Here's an example. California is a highly managed care state with a high penetration of Medicare Advantage patients. Leaders of medical groups who are in the capitation business are eager to take on more Medicare fee-for-service patients, because they know that if they bring them into their payment model and their care system, they can reduce the bed days per thousand for Medicare recipients from 1,600 in the fee-for-service population to 900 if they manage it. That's a massive reduction in utilization of hospitals. They manage the patients better and they drive people into lower-cost settings.

The demand for services is conditioned by a number of factors, not the least of which is how you manage patients through this process. There are a number of trends going in both directions. There will be a couple of areas in which we will see increasing demand for services. One is aging and the other is obesity, which involves medicalization. There is a huge growth in health care expenditures because people are living longer and we are finding new ways to treat their illnesses.

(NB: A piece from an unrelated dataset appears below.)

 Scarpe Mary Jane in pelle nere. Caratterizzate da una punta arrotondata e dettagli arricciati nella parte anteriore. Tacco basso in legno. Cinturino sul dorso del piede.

The other countervailing forces are care being managed more tightly by at-risk medical groups, which is good, and rising out-of-pocket costs. Medicaid is becoming much more restrictive and ruminating about cost-sharing even though beneficiaries are able to pay relatively little. What we know is that when people have to pay out of pocket, they use services less.

So, at the aggregate level of facility demand, you have forces driving increased utilization and forces potentially reducing utilization. Right now, the latter forces are winning and we're seeing a slowing rate of growth in utilization across the board, particularly in areas where people have time to reconsider choices and forgo care for such procedures as knee and hip replacement.

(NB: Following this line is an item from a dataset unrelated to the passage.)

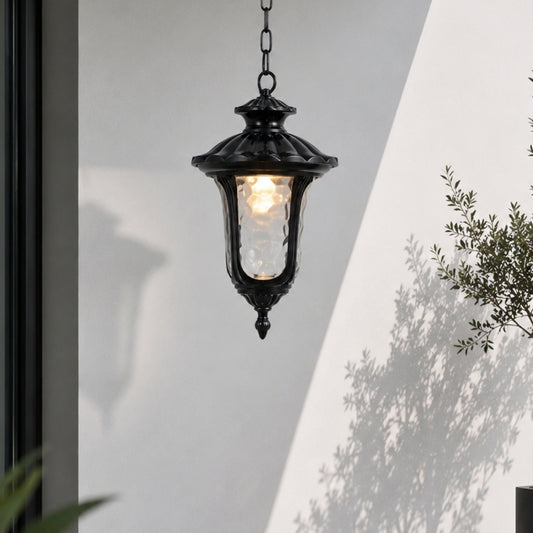 Black metal outdoor hanging lantern for porch entrance patio and covered balcony with warm ambient lighting.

The facilities planner has a tough job navigating through this and adjusting it through the local demographics. And all hospital systems are now aggressively building and expanding facilities — largely as a defensive measure to capture and shore up market territory. We'll soon find out whether that's a smart strategy.

Are existing hospitals suitable for this new care delivery environment?

One of the interesting questions is: What does the built environment for this new system look like? I haven't seen anyone who has real clarity around
that issue.

You could argue: Look at Kaiser. They have substantial ambulatory care facilities and, in some markets like Washington, they build hubs. They contract for hospitals on the spot market and only build when they can be guaranteed to fill them. When Kaiser does build, it uses a cookie-cutter, standardized, well-researched, industrial-engineered box that delivers acute care. Some see this as the built en­vironment needed for a true accountable care organization/population-health model, since Kaiser is an end-to-end system.

Kaiser has figured out how to get all the money and control all the processes that impact production. It's certainly not the only way.

And you're starting to see people re-thinking regional health systems, parti­cularly rural hospitals.

I've been urging the rural communities to repurpose rather than close rural hospitals. These facilities can become community service centers that have great transportation links, lots of telemedicine, high-tech diagnostics, and maybe some chronic care infrastructure and long-term care step-down units. What they shouldn't be doing is elective surgery of poor quality at low volume.

It's a big challenge for the design and facilities field to operationalize what the built environment for the population-health model should look like. It's a big question and I'm not convinced I've seen good examples of it. What I see is a lot of defensive shoring up, constructing fancy buildings with atriums to attract a disproportionate share of the private-pay crowd.

Bob Kehoe is associate publisher of Health Facilities Management.